━━ TASK INPUT ━━

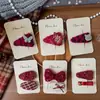 Nuevo Estilo Coreano Tela Lazo Rojo Pasador de Pelo Hecho a Mano Niños Clip Lateral para Flequillo Accesorios para el Cabello de Año Nuevo
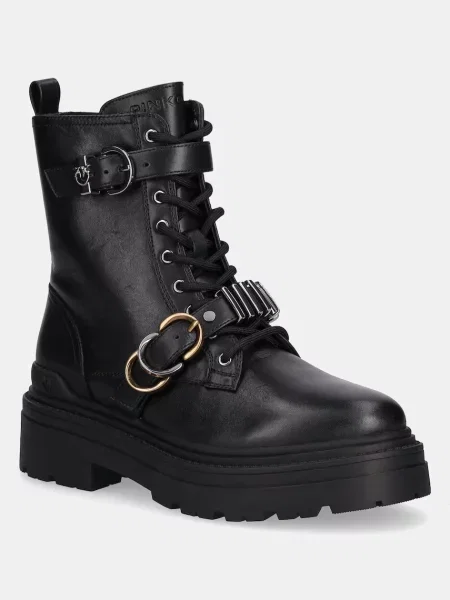Кожени кубинки Pinko Mia 19 с платформа черно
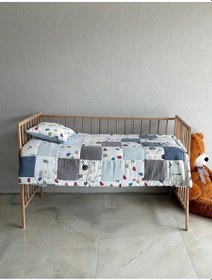 Resim % 100 Pamuk Kırk Yama Çift Katlı Yorgan Seti Mavi 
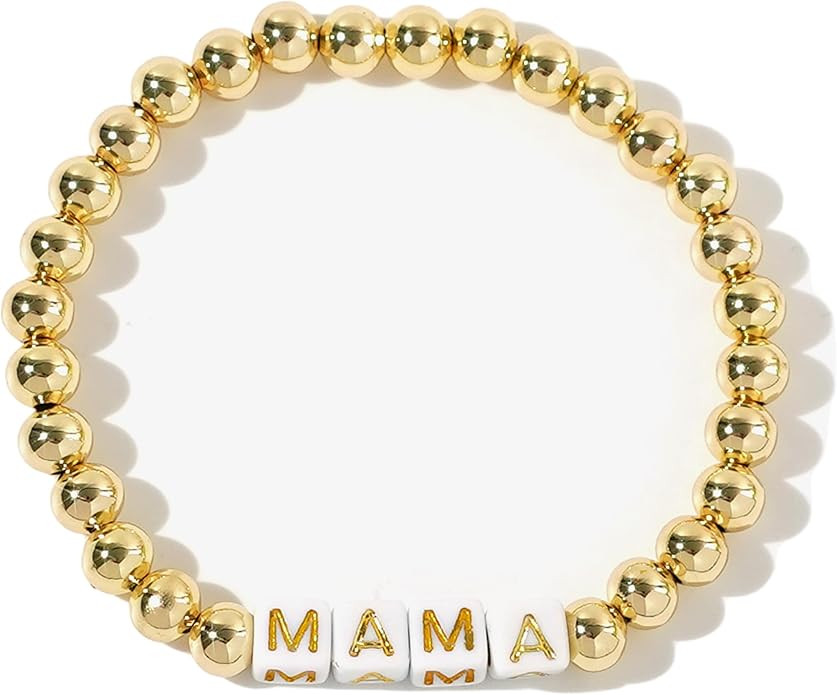 Gold beaded Pearl Heart Bracelets for Women, Cute Handmade Stackable Boho Beads Ball Friendship s... | Amazon (US)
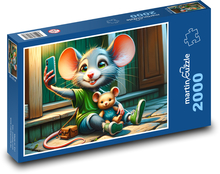 Šťastná myš Puzzle 2000 dílků - 90 x 60 cm
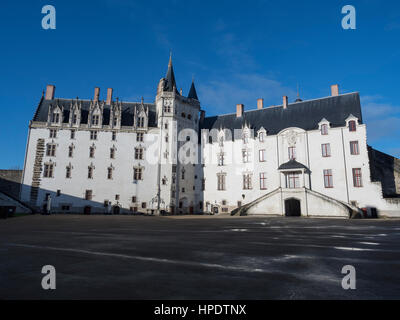 Die Burg der Herzöge de Bretagnev Blick auf den Innenhof, Nantes, Frankreich. Stockfoto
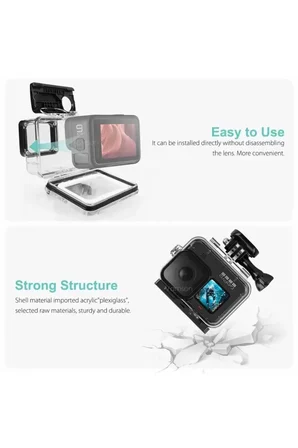 Gopro Hero 12 11 10 9 için 60m Sualtı Su Geçirmez Kılıf Muhafaza Housing ve Lens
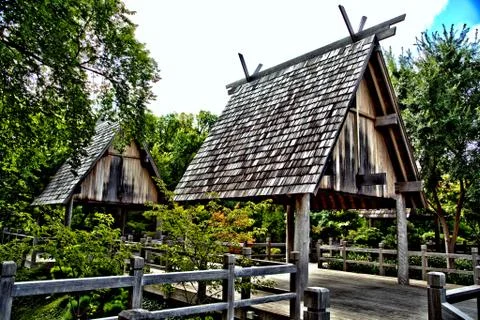 Two (2) native storage buildings in HDR Stock Photos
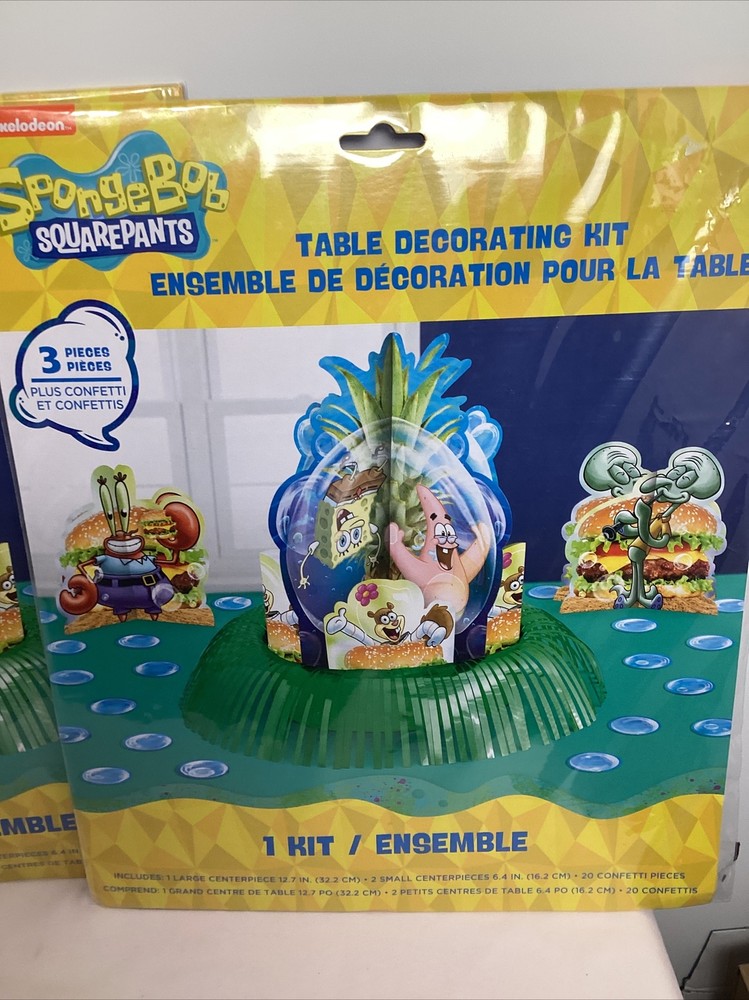 Nickelodeon 3 Piece SpongeBob Birthday Celebration Table Decorating Kit -2 Avail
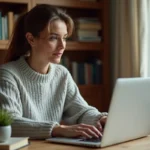 Femme consultant les pages blanches inversées sur un ordinateur portable dans un bureau à domicile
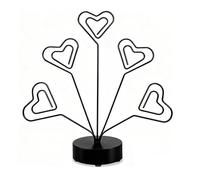 Generic Family Photo Frame, Card Holder, Display Stand for Photos and Notes, Mini Metal Style, Round Base, Ideal for Weddings, Family Reunions, Black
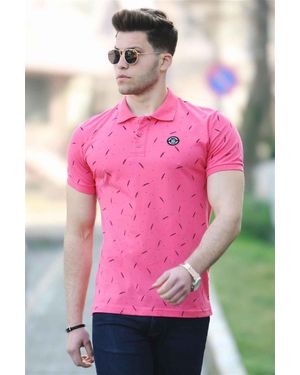 Madmext Fuchsia T-Shirt Mit Polokragen Für Herren - Pink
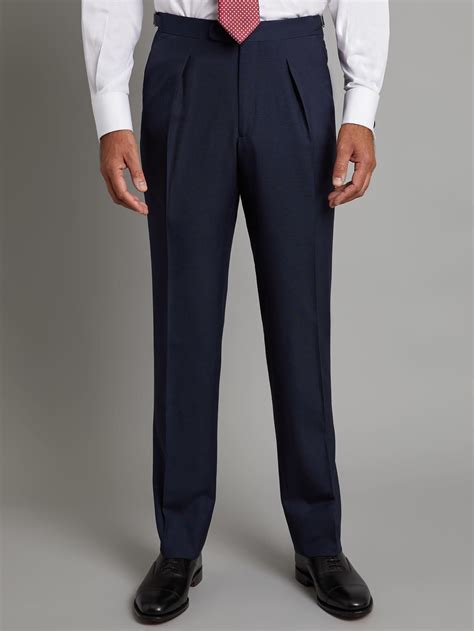 Pleated Suit Trousers - Plain Navy | Men's Suit Trousers | Oliver Brown ...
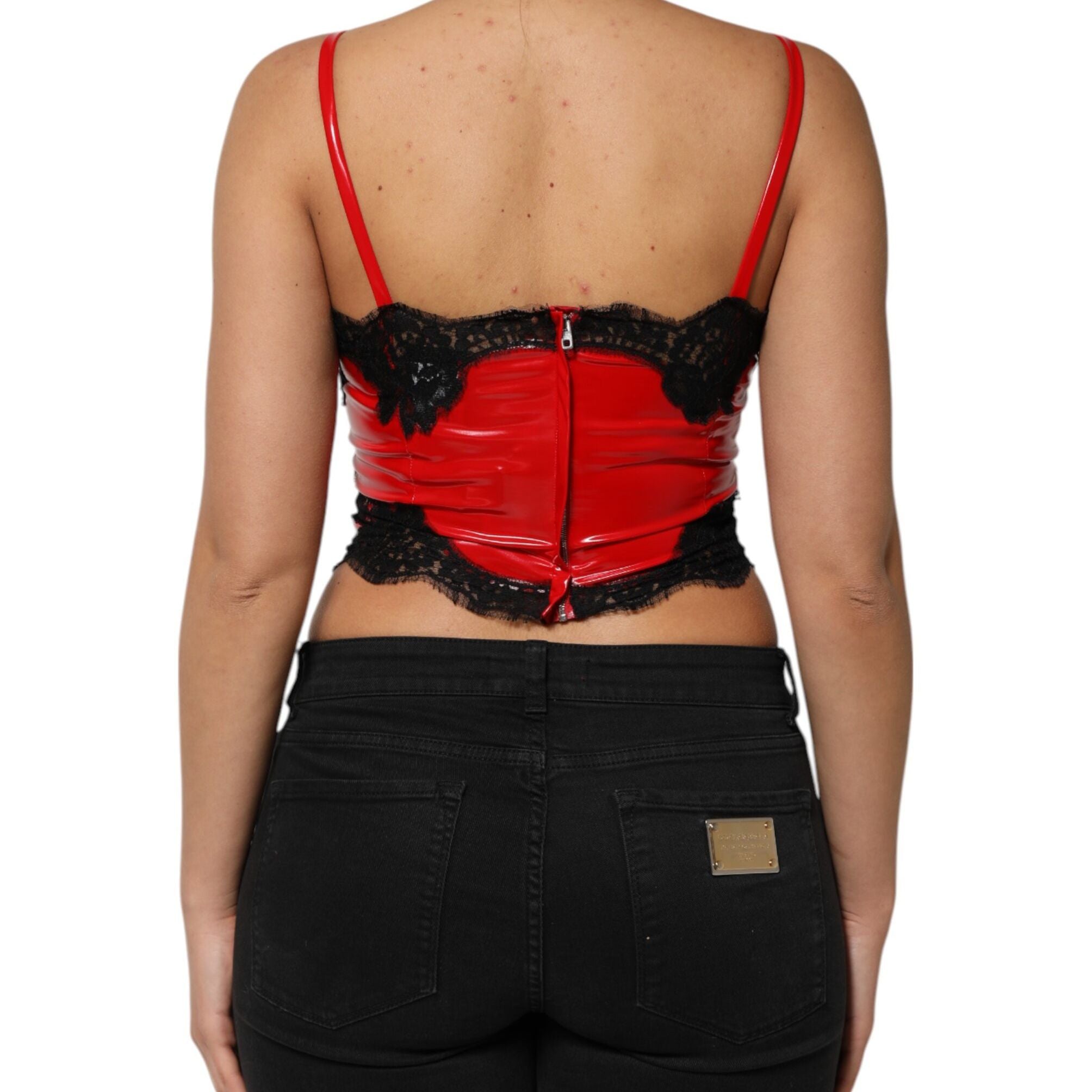 Dolce & Gabbana Red Black Lace Trim Polyester Sleeveless Tank Top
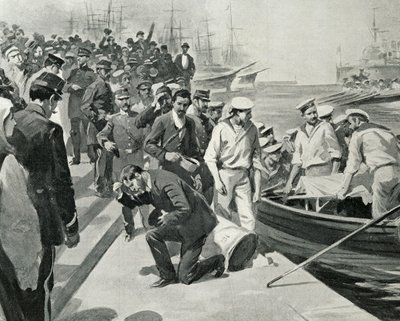Mutinerie du cuirassé russe Potemkine débarquant dans le port de Constanta en Roumanie, Illustration de L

━━━

EXERCISE
First drop every picture, then print the data above exactly as it stands.

OUTPUT FOR THIS EXERCISE
 Nuevo Estilo Coreano Tela Lazo Rojo Pasador de Pelo Hecho a Mano Niños Clip Lateral para Flequillo Accesorios para el Cabello de Año Nuevo
Кожени кубинки Pinko Mia 19 с платформа черно
 Resim % 100 Pamuk Kırk Yama Çift Katlı Yorgan Seti Mavi 
 Gold beaded Pearl Heart Bracelets for Women, Cute Handmade Stackable Boho Beads Ball Friendship s... | Amazon (US)
 Šťastná myš Puzzle 2000 dílků - 90 x 60 cm
 Die Burg der Herzöge de Bretagnev Blick auf den Innenhof, Nantes, Frankreich. Stockfoto
 Gopro Hero 12 11 10 9 için 60m Sualtı Su Geçirmez Kılıf Muhafaza Housing ve Lens
 Two (2) native storage buildings in HDR Stock Photos
 Nickelodeon 3 Piece SpongeBob Birthday Celebration Table Decorating Kit -2 Avail
 Femme consultant les pages blanches inversées sur un ordinateur portable dans un bureau à domicile
 Generic Family Photo Frame, Card Holder, Display Stand for Photos and Notes, Mini Metal Style, Round Base, Ideal for Weddings, Family Reunions, Black
 Madmext Fuchsia T-Shirt Mit Polokragen Für Herren - Pink
 Pleated Suit Trousers - Plain Navy | Men's Suit Trousers | Oliver Brown ...
 Dolce & Gabbana Red Black Lace Trim Polyester Sleeveless Tank Top
Mutinerie du cuirassé russe Potemkine débarquant dans le port de Constanta en Roumanie, Illustration de L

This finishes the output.